Might help to clean up.


----------



## kencoburn (Dec 15, 2007)

*Re: Outlook shows billions of messages in inbox*

I tried both the command line 'fixes' but Outlook.exe /cleanprofile produced an error message that the arguments was not valid. The other 'fix' appeared run (no error message) but did not fix the problem. You reply did give me an idea and so I went to Control Panel > Programs and Features and selected Microsoft Outlook Professional 2010 and ran the "Repair" option hoping that that would fix the problem. Unfortunately that was not the case.

I then searched the Registry to see if there were any instances of the number 4294967295 - for no particular logical reason and was surprised to find that there were quite a few entries which had this number in the Data field (see attachment). However, as far as I can tell, none relate to Outlook. :ermm:


----------



## kencoburn (Dec 15, 2007)

*Re: Outlook shows billions of messages in inbox*

A search on the Internet revealed that 4294967295 is the highest number you can get using 32-bits. I don't think that helps though.


----------



## kencoburn (Dec 15, 2007)

*Re: Outlook shows billions of messages in inbox*

Here is a little bit more information that my help. When I have unread emails the number in brackets is always one less that the number of unread emails. For example, if there are 3 unread emails the number is 2. Consequently when there are no unread emails the computer has a problem with displaying one number less than zero.


----------



## kencoburn (Dec 15, 2007)

*Re: Outlook shows billions of messages in inbox*

I found the answer to the problem on the Microsoft Support Forum which I will show here for future reference. 
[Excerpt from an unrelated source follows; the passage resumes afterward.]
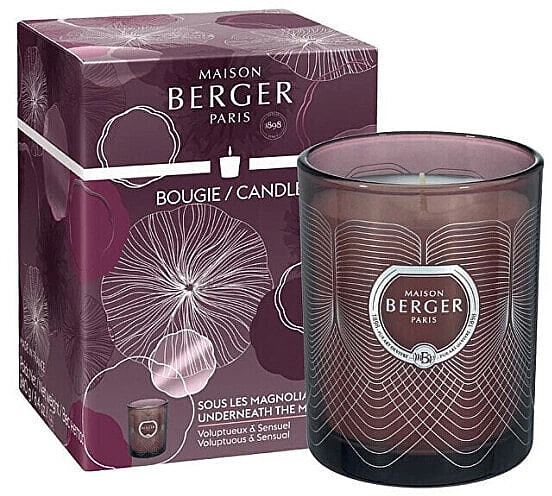 Świeca zapachowa - Maison Berger Molecule Underneath The Magnolia Candle  — Zdjęcie N1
With Outlook closed run the inbox repair tool scanpst.exe against the data file. The location if this file varies depending on your version of Outlook.

Outlook 2013
32-bit Windows; C:\Program Files\Microsoft Office\Office15\
64-bit Windows; C:\Program Files (x86)\Microsoft Office\Office15\
64-bit Outlook; C:\Program Files\Microsoft Office\Office15\

Office 365 Home Premium / Outlook 2013 Click to Run
any Windows; C:\Program Files\Microsoft Office 15\root\office15\ 

Outlook 2010
32-bit Windows; C:\Program Files\Microsoft Office\Office14\
64-bit Windows; C:\Program Files (x86)\Microsoft Office\Office14\
64-bit Outlook; C:\Program Files\Microsoft Office\Office14\

Outlook 2007 
32-bit Windows; C:\Program Files\Microsoft Office\Office12\
64-bit Windows; C:\Program Files (x86)\Microsoft Office\Office12\

Outlook 2003 
32-bit Windows; C:\Program Files\Common Files\System\MSMAPI\<locale ID>\
64-bit Windows; C:\Program Files (x86)\Common Files\System\MSMAPI\<locale ID>\

Outlook 2002/XP 
C:\Program Files\Common Files\System\MAPI\<locale ID>\

Outlook 2000 
C:\Program Files\Common Files\System\MAPI\<locale ID>\NT\

Outlook 97 / Outlook 98 
C:\Program Files\Common Files\Windows Messaging\

You will need to browse for your outlook.pst file. If you need help, Google "where is my outlook pst file located in windows [your version of Windows]"

If it finds/fixes errors, run it again, until it finds no more to fix (I had to run it 4 times).

That worked for me. Good luck!


----------